Material for this task:
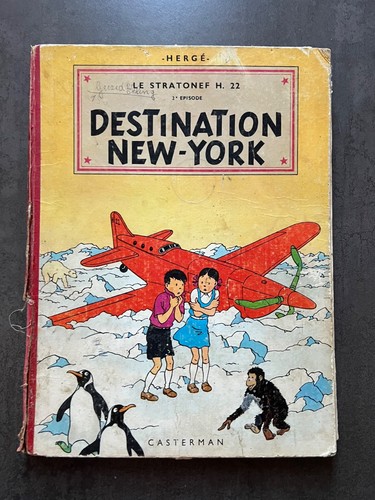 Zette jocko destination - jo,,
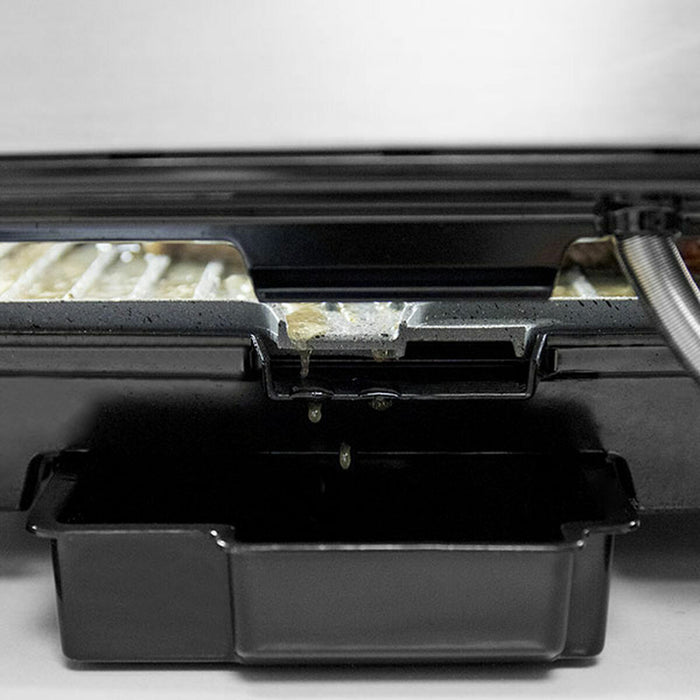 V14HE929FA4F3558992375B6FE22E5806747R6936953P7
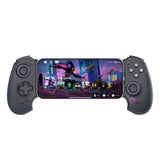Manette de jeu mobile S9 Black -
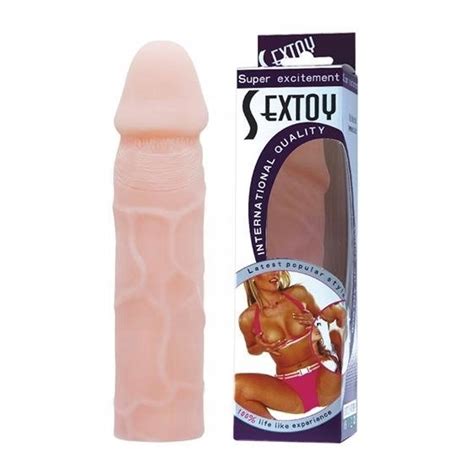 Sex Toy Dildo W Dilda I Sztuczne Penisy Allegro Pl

==

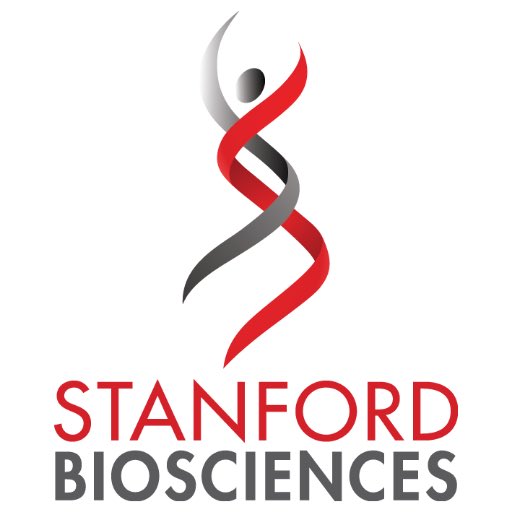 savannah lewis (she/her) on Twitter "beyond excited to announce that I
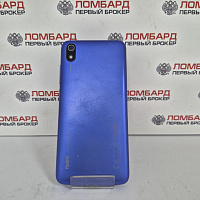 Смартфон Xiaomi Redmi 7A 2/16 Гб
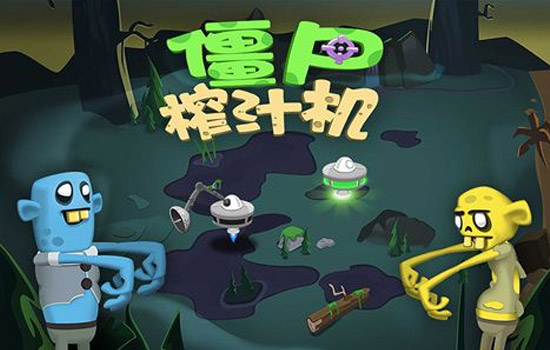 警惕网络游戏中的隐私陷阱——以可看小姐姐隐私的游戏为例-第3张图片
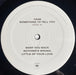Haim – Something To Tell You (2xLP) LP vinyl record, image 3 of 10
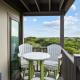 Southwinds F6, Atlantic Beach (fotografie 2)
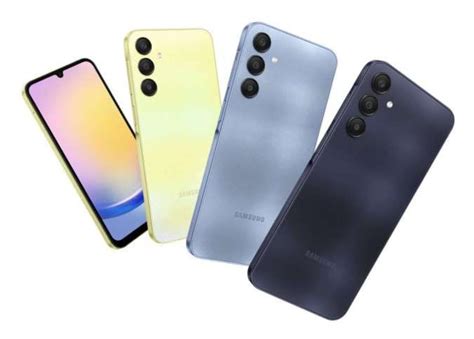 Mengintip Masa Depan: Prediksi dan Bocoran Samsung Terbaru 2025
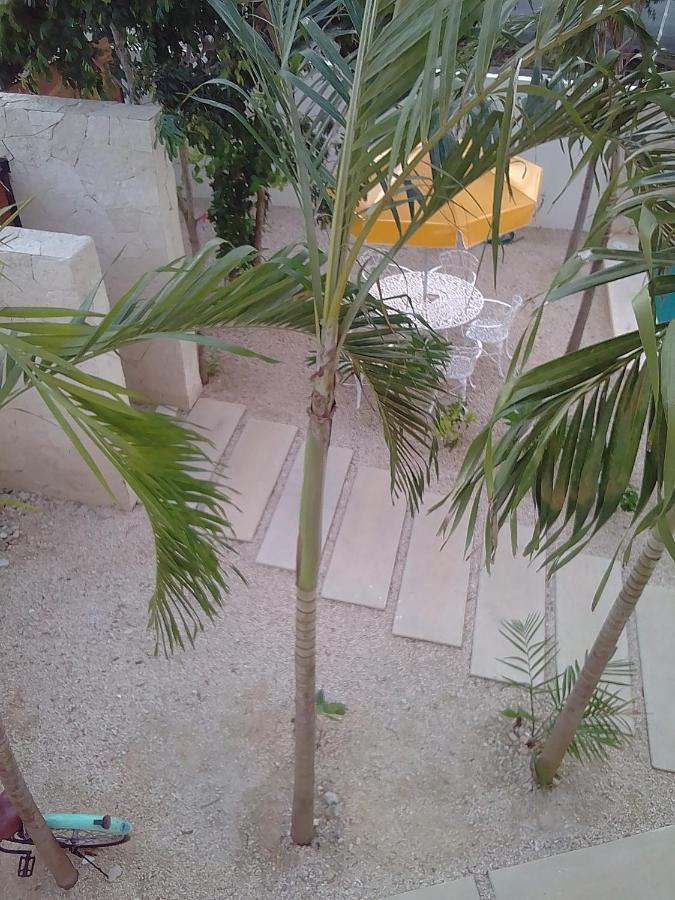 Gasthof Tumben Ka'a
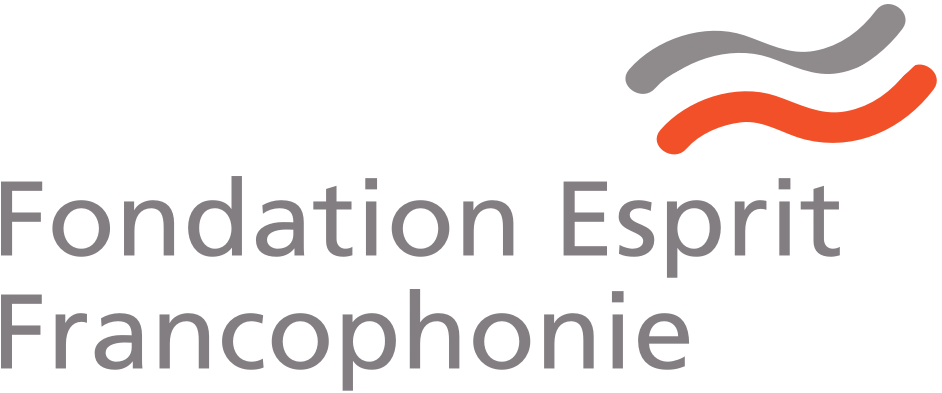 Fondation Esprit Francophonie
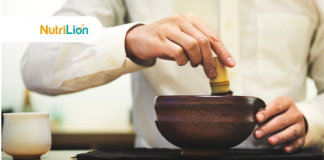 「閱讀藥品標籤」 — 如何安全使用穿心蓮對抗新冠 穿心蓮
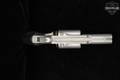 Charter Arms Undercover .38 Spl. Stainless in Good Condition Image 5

---

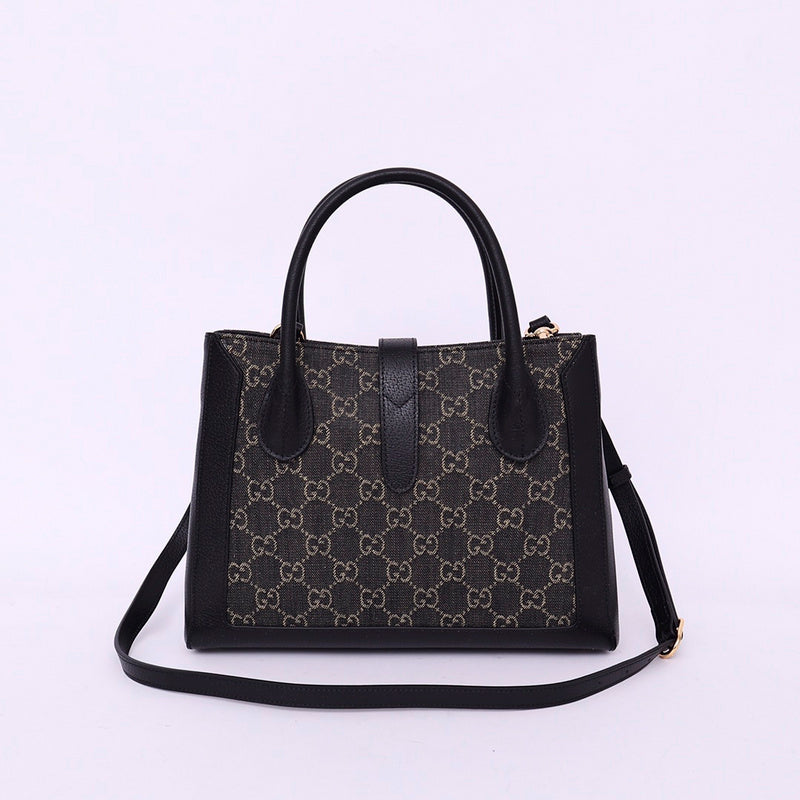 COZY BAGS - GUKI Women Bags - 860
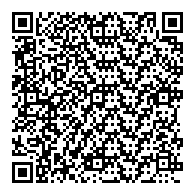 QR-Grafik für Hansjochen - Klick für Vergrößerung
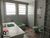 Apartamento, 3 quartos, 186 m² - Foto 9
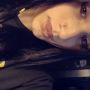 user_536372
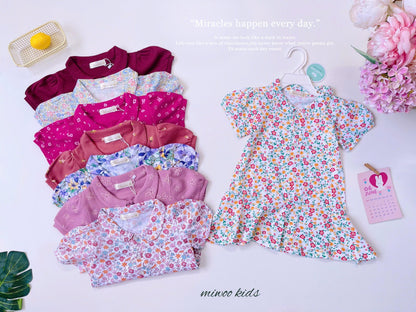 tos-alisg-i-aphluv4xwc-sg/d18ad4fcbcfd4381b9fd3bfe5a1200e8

The task: Print nothing but the lines above starting with the line that contains "Manette de jeu" and going on through the line that contains "Sex Toy Dildo". Leave out the pictures.

Expected output:
Manette de jeu mobile S9 Black -
 Sex Toy Dildo W Dilda I Sztuczne Penisy Allegro Pl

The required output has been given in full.